The other trait is being able to admit you made a mistake. Many Doms seem to think they cannot make - much less admit - a mistake. Everyone makes them. Everyone. There is no Doctrine of Dominant Infallibility. The ability to admit error, gracefully and without making excuses, is critical to the development of a Dom into a Master. Take this to the bank.
Now onto the requirements I feel one would need to get my accreditation as a BDSM Master, if such an accreditation existed.
One must be knowledgeable in BDSM and D/s. If there were a written test, it goes without saying that a Master would know every term in our BDSM Dictionary. A Master should have read a lot about BDSM on this site. Although I am talking about becoming a real-time Master, I believe one can learn a lot from online chat. This is a great way to exchange ideas and refine your BDSM thinking. There are great chat rooms on IRC/bondage.com. And don’t forget our Forums where bondage.com members post their personal experiences and opinions. I have included a Book List where the best BDSM books are listed. The more you read, the more you know. And reading is still the best way to understand the mental dynamics of the Master/slave relationship - which is what a Master must have an understanding of.
Real-time experience is crucial. Even if one knows everything book-wise, he/she is still not a Master. I would think that a few years experience in the lifestyle would be necessary. It has been said that the best Dominants have had experience as a submissive. This is open to debate. But what is not open to debate is that real-time BDSM and D/s experience is essential. It is one thing to know things theoretically - let’s say by extensive reading, online chatting and participating in our Forums - but there is nothing like "hands on" experience. (And in BDSM, "hands on" can be a lot of fun!)
A Master should have mastered (there is that word again!) many essential real time BDSM skills. At the very least, a Master should know how to do rope bondage, should know proper and safe flogging-caning-cropping-paddling-spanking techniques, and know how to use most BDSM equipment (like the Saint Andrews Cross) safely and skillfully. A Master should know how to put a submissive into subspace and provide the proper aftercare. Although some Masters eschew public play, a Master should have gone to a bunch of play parties to get a feel for what others in the lifestyle are up to. Observing others at play parties - and joining local BDSM groups in your city and meeting others in the lifestyle - is the best way to learn these techniques.

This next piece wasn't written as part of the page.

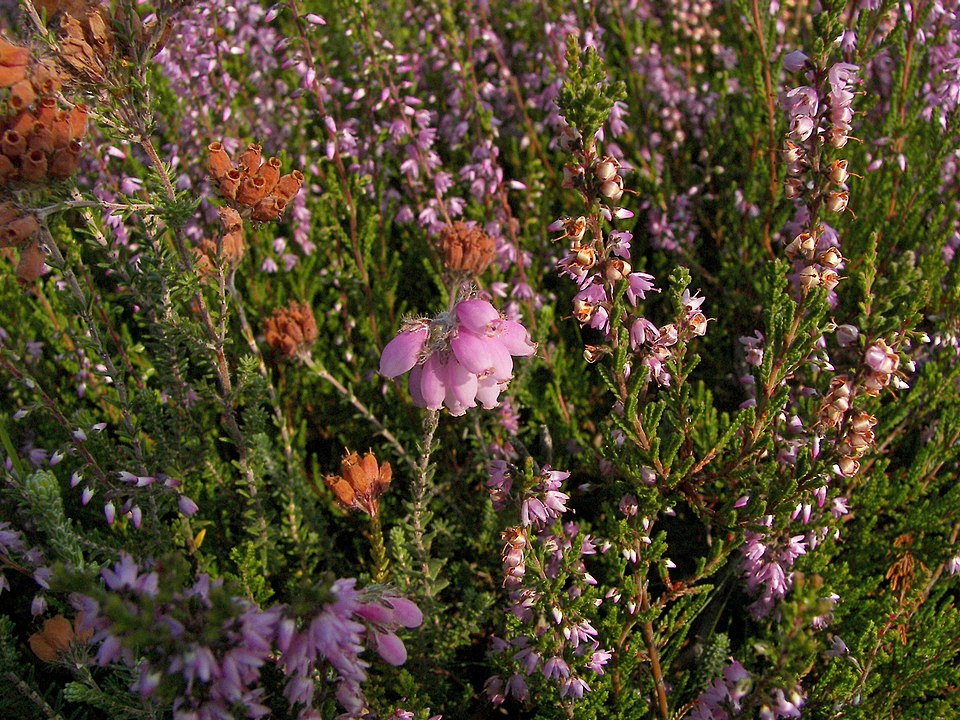 Erica tetralix (Cross-leaved Heath)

I think a Master should have at least one specialty that he is truly an expert in. It might be fire play, rope suspension, wielding a single tail whip, Japanese rope bondage, mummification, cupping or any one of a myriad of BDSM skills. In this way, the Master not only earns respect from his/her peers, but can also teach these skills to others on their road to becoming a Master. Obviously, no one can be an expert in all areas. But a Master should strive to keep learning.
Finally, a Master should always practice safe sex and safe play. Keep in mind that becoming a Master is not a destination but a step in the BDSM journey. A fun journey.